Non si è costituito il Ministero.
RITENUTO
CHE:
Il primo motivo deduce la nullità della sentenza impugnata per violazione dell’art. 112 c.p.c. e art. 132 c.p.c., n. 4, per aver la Corte d’appello omesso la pronuncia in ordine alla protezione umanitaria, sulla questione dell’integrazione e della pericolosità della regione di provenienza dell’istante, senza peraltro chiarire in base a quale report era stata affermata l’idoneità del citato programma nazionale ai fini della cura delle epatiti.

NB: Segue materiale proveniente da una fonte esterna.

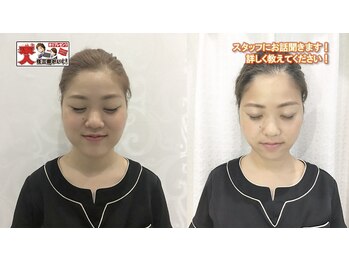 トトノエ プラス 新横浜店(TOTONOE+)/フェイスラインケア/３回/新横浜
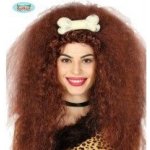 Kost se sponou do vlasů – Sleviste.cz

Il secondo motivo denunzia la violazione del D.Lgs. 25 luglio 1998, n. 286, art. 5, comma 6, D.Lgs. 25 gennaio 2008, n. 25, art. 32, comma 3, art. 8 Cedu, art. 2 Cost., nonché omessa motivazione su un punto decisivo della causa, avendo la Corte territoriale, ai fini del riconoscimento della protezione umanitaria, omesso di esaminare l’attuale inserimento del ricorrente nel mondo lavorativo, escludendo erroneamente il pericolo cui il F. incorrerebbe in caso di rimpatrio, ed omettendo di acquisire informazioni sulla *****.
Il terzo motivo deduce la nullità per violazione degli art. 112 c.p.c. e art. 132 c.p.c., n. 4, per aver la Corte d’appello negato la protezione internazionale per la mancata credibilità dell’istante e la contraddittorietà delle sue dichiarazioni.
Il quarto motivo denunzia violazione del D.Lgs. n. 251, art. 3, lett. a) e b), lamentando la mancata acquisizione di elementi probatori da parte della Corte d’appello a sostegno della domanda del ricorrente.
Il ricorso è inammissibile.
Il primo motivo è inammissibile, in ordine ad entrambi profili dedotti: quello della protezione umanitaria per integrazione sociale, in quanto nuovo, non essendo dedotto con la necessaria specificità, nel ricorso, che la questione fosse stata sollevata davanti alla Corte d’appello; quello della pretesa apoditticità del rilievo del programma sanitario di contrasto dell’epatite B in *****, in quanto la Corte territoriale ha citato espressamente, quale sua fonte, il sito della World Health Organisation. Il secondo motivo, connesso al primo circa la pronuncia sulla protezione umanitaria, è inammissibile nella parte afferente alla protezione sussidiaria, D.Lgs. 19 novembre 2007, n. 251, art. 14, ex lett. b), poiché tendente al riesame dei fatti. Invero, la Corte d’appello ha ritenuto inattendibile il racconto del ricorrente sulle vicende riferite alla partecipazione agli scontri all’interno del villaggio, con argomentazioni incensurabili in questa sede.
Il terzo motivo è inammissibile perché diretto al riesame dei fatti, riguardo alla valutazione d’inattendibilità del ricorrente sugli scontri che sarebbero insorti nel villaggio di provenienza per la questione dell’ubicazione di una erigenda moschea.
Il quarto motivo è parimenti inammissibile. Il ricorrente si duole che la Corte territoriale avrebbe omesso di assolvere l’onere di cooperazione istruttoria al fine di accertare la situazione personale dell’istante, limitandosi a riscontrare l’inattendibilità del suo racconto. La doglianza è generica e priva di specificità, non indicando i concreti elementi probatori che la Corte di merito avrebbe dovuto acquisire e la relativa decisività ai fini dell’accoglimento della domanda.
Nulla per le spese, attesa la mancata costituzione del Ministero.
P.Q.M.
La Corte dichiara inammissibile il ricorso.
Ai sensi del D.P.R. n. 115 del 2002, art. 13, comma 1 quater, dà atto della sussistenza dei presupposti per il versamento, da parte del ricorrente, dell’ulteriore importo a titolo di contributo unificato pari a quello dovuto per il ricorso principale, a norma dello stesso art. 13, comma 1 bis ove dovuto.
Così deciso in Roma, nella camera di consiglio, il 23 marzo 2021.